Purpose isn't something people outgrow. Research shows it may be the single most important factor in how well we age. Here's what the science says, and what you can actually do to help the people you love find it.
How to Help Older Parents Find Purpose in Their Later Years
There is a version of retirement that looks like freedom from the outside and feels like emptiness from the inside.
The career is over. The children are grown. The daily structure that organized a life for forty years is suddenly gone. And in its place, a question that nobody prepared for: what now?
Most families don't talk about this directly. They celebrate the retirement, help with the move, visit for the holidays.

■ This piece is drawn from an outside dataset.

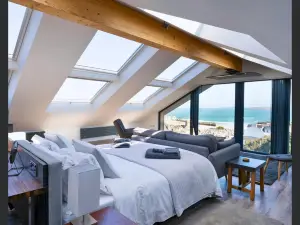 Uno - St Ives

But the quieter conversation, the one about what a person is supposed to live for when the roles that defined them have run their course, almost never gets started. Not because the family doesn't care. But because it feels too big, too abstract, too close to something that sounds like an accusation.
It isn't an accusation. It is one of the most important conversations a family can have. And the research behind it is more compelling than most people realize.
What the Science Actually Shows
Purpose is not a luxury. It is not a nice-to-have or a personality trait that some people are born with and others aren't. It is a measurable, modifiable factor with a direct impact on how long people live and how well.
A 2019 study published in JAMA Network Open, drawing on data from more than 6,000 American adults, found that stronger purpose in life was associated with significantly decreased mortality risk. People without a clear sense of purpose were more than twice as likely to die during the follow-up period than those who felt their life had direction and meaning.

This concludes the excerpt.